(Supplied records Opens)
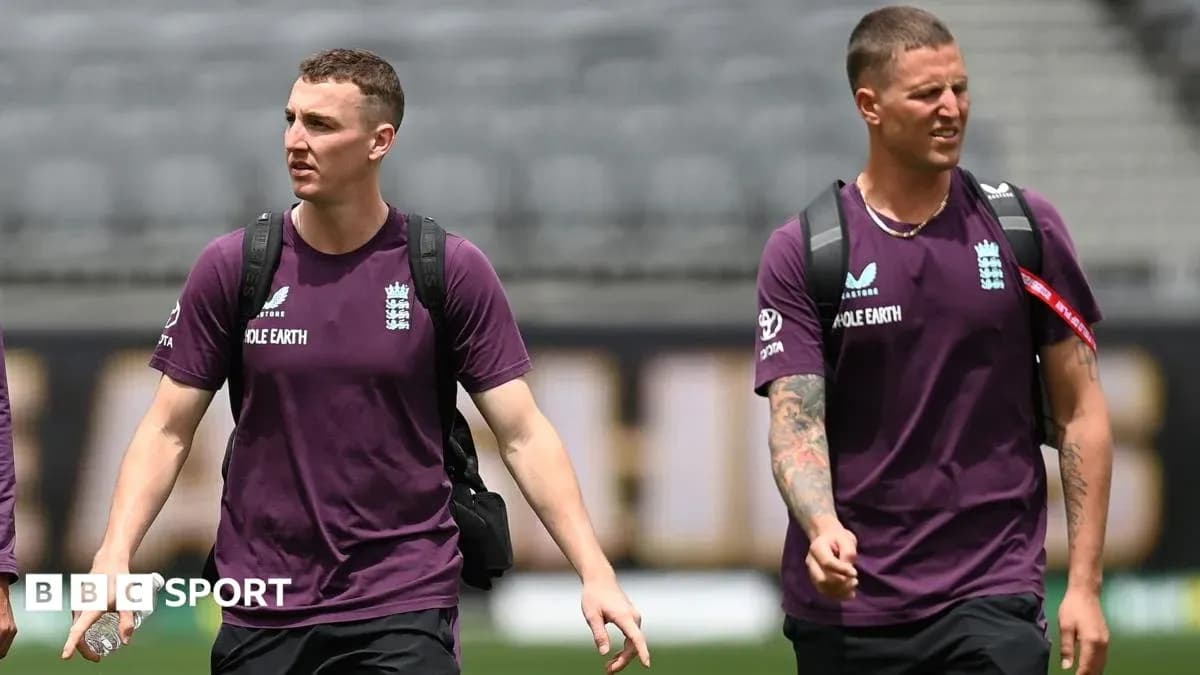 Jugadores de cricket de Inglaterra llegando al estadio Jugadores de cricket de Inglaterra llegando al estadio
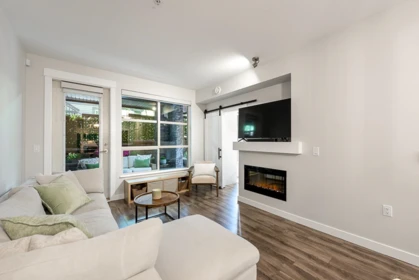 Breakfast Nook Photo of 103 1468 St. Andrews Avenue, North Vancouver, BC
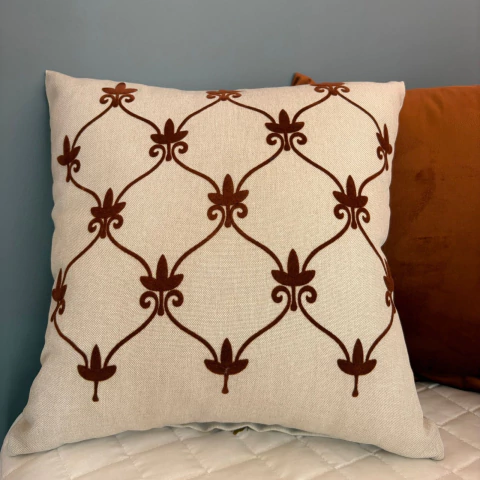 Capa de almofada em Linho Bordado Aveludado - Flores Caramelo
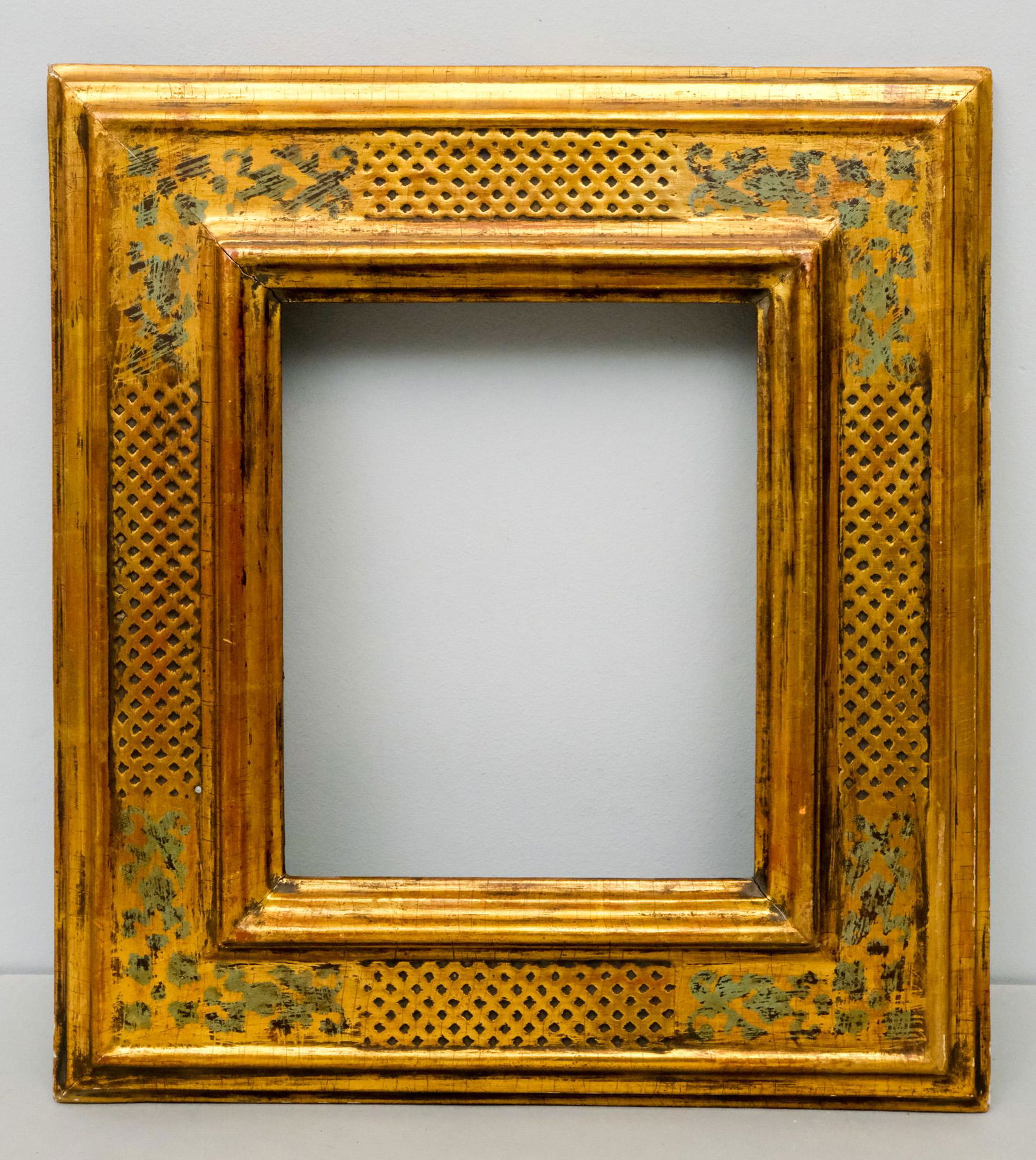 American Arts & Crafts Giltwood Frame 8" x 10" (1 of 4)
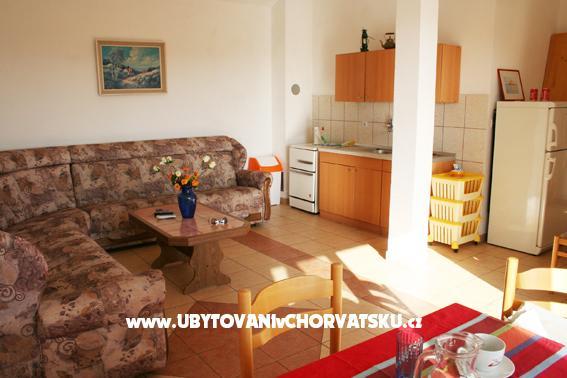 Apartamenty Tina – foto 3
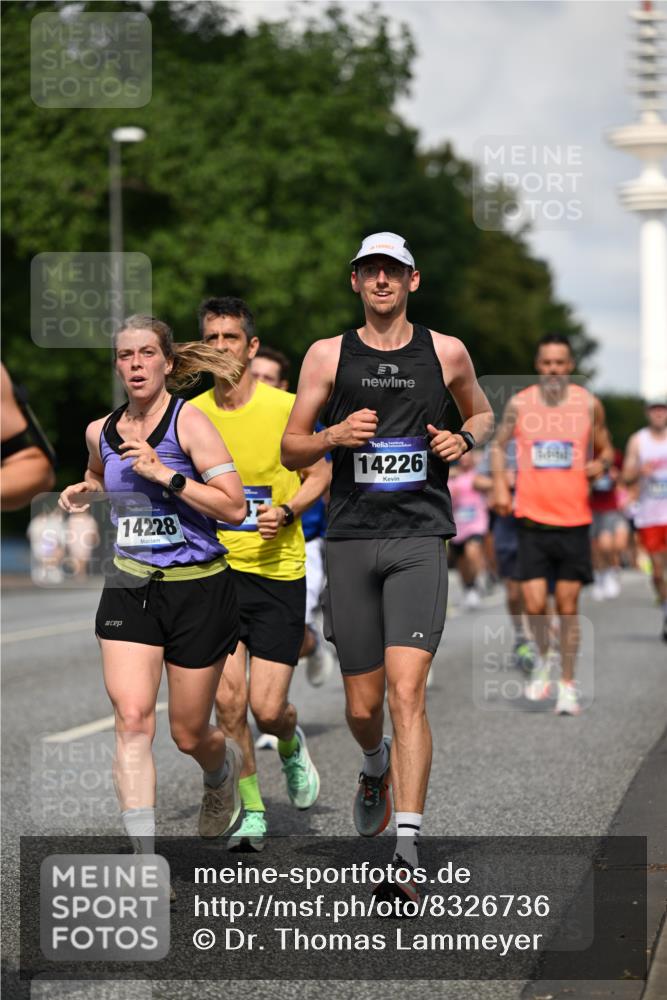 29.06.2025 - hella hamburg halbmarathon Dr. Thomas Lammeyer http://msf.ph/oto/8326736 29.06.2025 09:55:42 Kennedybrücke 1057, 1312, 1353, 1569, 1763, 2880, 3437, 3618, 3697, 4565, 4871, 5014, 5047, 5129, 5231, 5336, 5690, 5987, 6700, 6711, 6770, 7185, 7710, 8074, 8564, 8900, 9358, 9547, 9659, 10691, 10978, 11021, 11062 meine-sportfotos.de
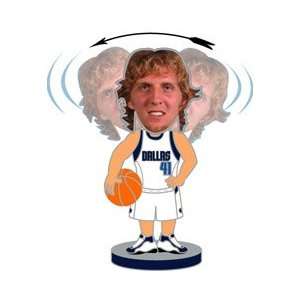 Dallas Mavericks Nowitzki Bobbing Head Pin:  Sports 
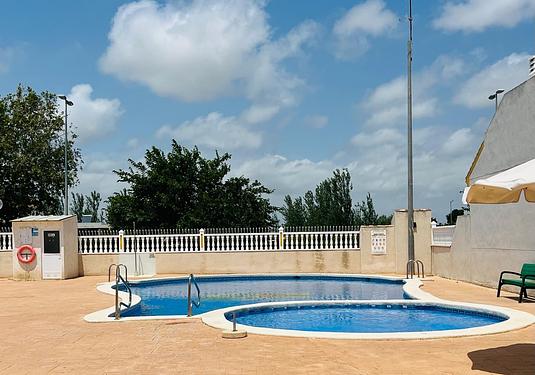 Town house in Daya Nueva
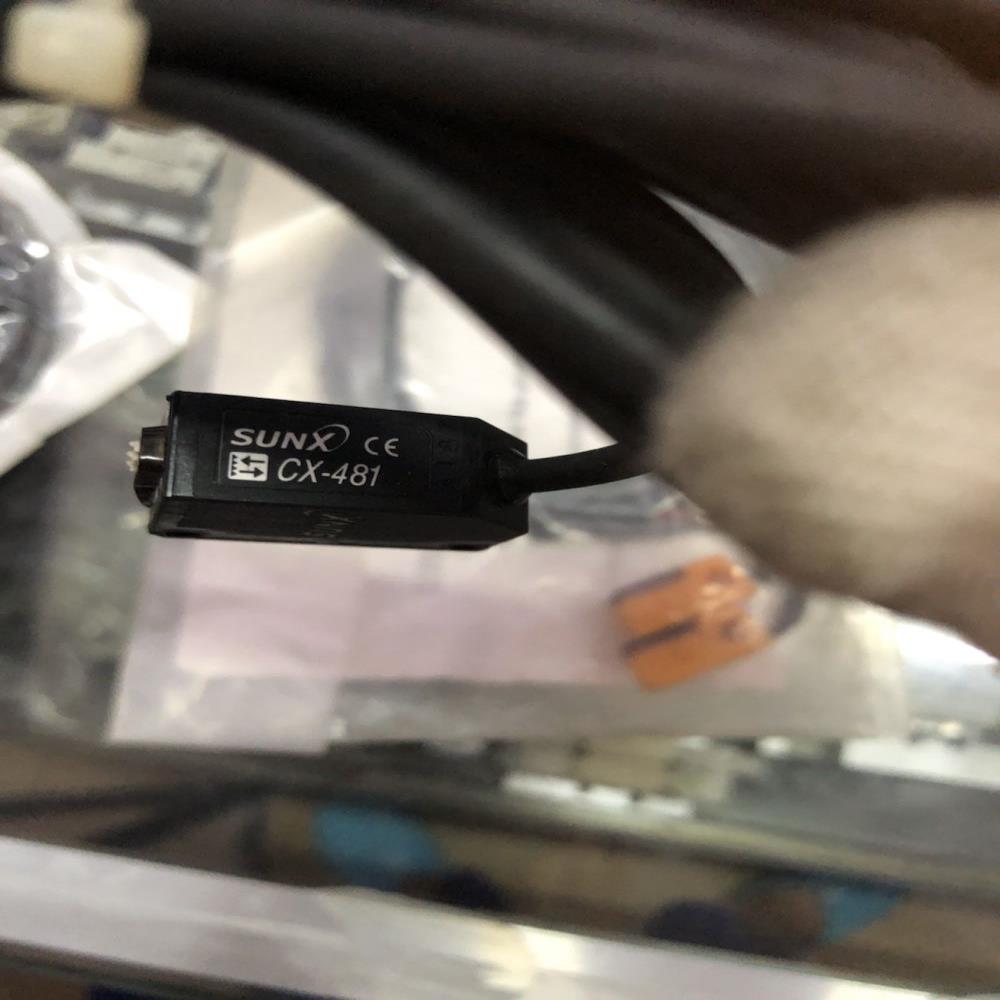 SUNX CX-481原装正品日本神视光电开关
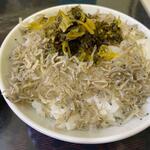 山見茶屋 - 此方には蕎麦とミニ豆腐に加えてじゃこ飯がセットになってました。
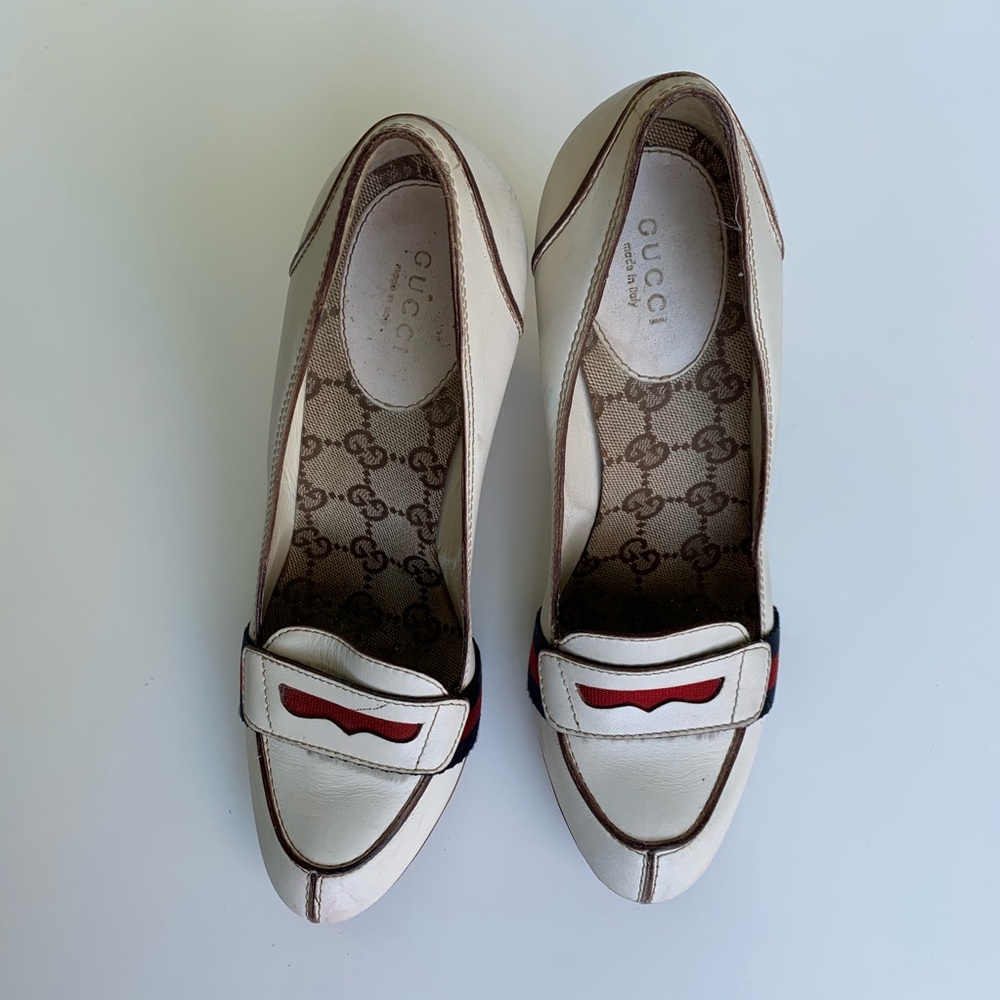 White Gucci shoes moccasins whit heels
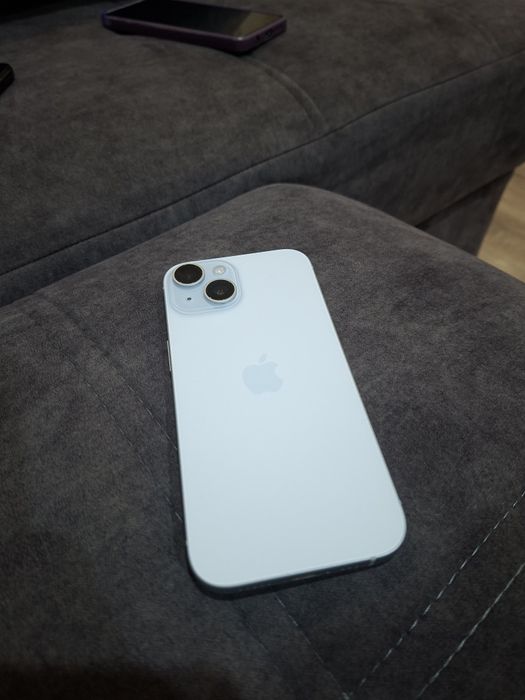 Продам Айфон 15 128гб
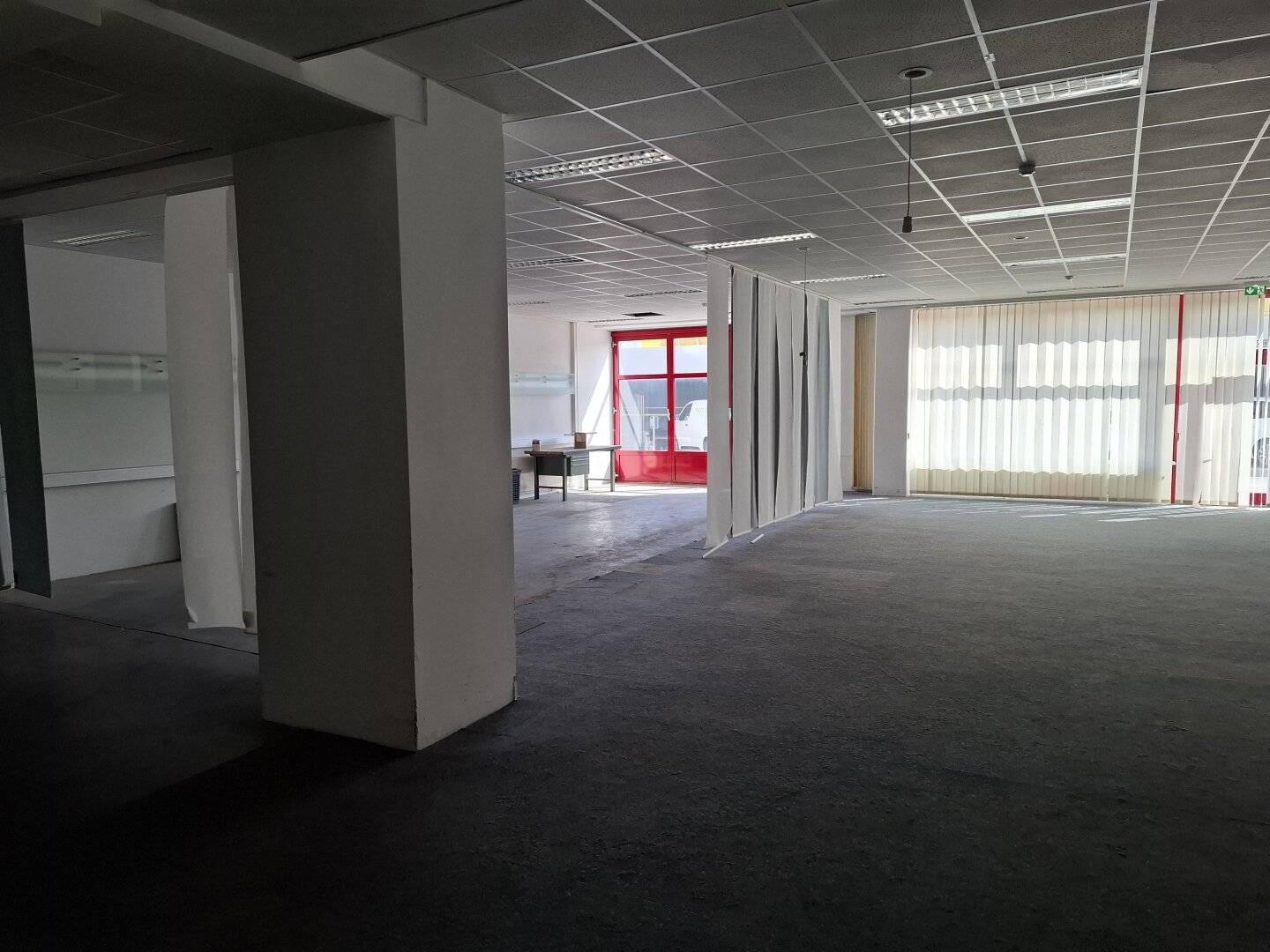 Warehouse, sales area, showroom on the ground floor, parking spaces available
(Supplied records Closes)
Requirement: Leaving out every picture, repeat exactly the lines of the records from the start through the line that has "Apartamenty Tina – foto 3".

Expected answer:
 Jugadores de cricket de Inglaterra llegando al estadio Jugadores de cricket de Inglaterra llegando al estadio
 Breakfast Nook Photo of 103 1468 St. Andrews Avenue, North Vancouver, BC
 Capa de almofada em Linho Bordado Aveludado - Flores Caramelo
 American Arts & Crafts Giltwood Frame 8" x 10" (1 of 4)
 Apartamenty Tina – foto 3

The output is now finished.